Resultó que lo lidiado en la Plaza México no eran toros, sino diablillos cojuelos -por cojos- ya sin lumbre. La puerta de toriles se había cambiado a la boca abierta al cielo entoldado de nubes. Los diablillos llegaban en modernos avioncillos, se caían, y se escondían en los palcos, dejándose invadir de un sentimiento de asombro, en el inicio de la temporada grande. Esbozaban balbuceos de incoherencia lírica al compás de los pasodobles.
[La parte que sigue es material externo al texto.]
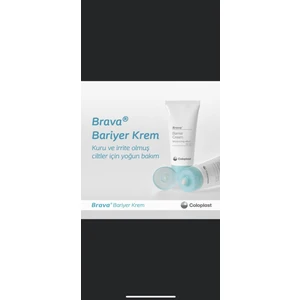 Coloplast Brava® Koruyucu Krem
En su turno ya en el ruedo, experimentaban de súbito el anhelo de reclinar sus cuernitos sobre los capotes azules de la noche que los maquillaban, les daban su retoque e inflaban con azufre, para verse gordos y malosos.
Luego a jugar con la ferocidad de sus ajetreos ¿Por qué no abandonarse a la voluptuosidad de no seguir hiriendo, de perdonar a los picadores que los volvían picadillo, salpicando de moronga a los cabales y cerrar los ojos y repeler las fealdades y horrores que a su alrededor se agitaban, al clavar las banderillas. ¿Por qué no derramar las tinieblas azules sobre el ruedo en una efusión de bálsamo, para que Uceda Leal divirtiera al Zotoluco y San Román con una toreada, dulcedumbre de sordina tibieza de mano amante. Así, el agrio rumor de lo heterogéneo dispar, polémico, se fundía en una sola melodía mansa, como el toreo del madrileño --aún verde para oficios mayores- de giro cantando en versos aparte. De repente se armó la gorda y los diablillos cojuelos reconocieron que los aficionados se deberían burlar de su gesto sombrío, de su entrecejo tenebroso, de sus pitoncillos, de sus avioncillos, de su supuesta maldad y mansedumbre. Pero lo que parece melodrama está trocado de hechicería desesperada. De las puntas de sus cuernitos fluía como miel inédita, fragancia y espuma mansa, sabroso cautiverio, laxitud subyugadora misterioso, y pese a eso los toreros no pudieron expresar lo poquito que saben torear, dije torear, no pegar pases.
Y si es así, para qué quieren fieras cinqueñas, portadoras de la fuerza bruta e incontrolable de la naturaleza, en los pitoneslos pitones: ¡Qué vengan diablillos cojuelos y Ponce, Juli y Hermoso de Mendoza y dejen sentir su arte, envolvente de identificación y concordia! Ayer entre bisbiseos, olés, murmullos, maceraron a los diablillos cojuelos de Javier Garfias, los picadores, bajo la boca que se hizo musical en las tinieblas.
Aparte los aficionados contemplamos a los garfeños embestir, soseando y los toreros, sin nada qué decir. Lo mismo El Zotoluco que Oscar San Román.
Sólo Uceda Leal brilló en chispazos sueltos. Pero, un pero, nada más, después de esto, los diablos cojuelos desaparecieron y a la fiesta brava se la llevaron al infierno, para seguir so- seando con otros becerrines y protegerse del frío que congeló a la afición, en un inicio de temporada acorde con el clima.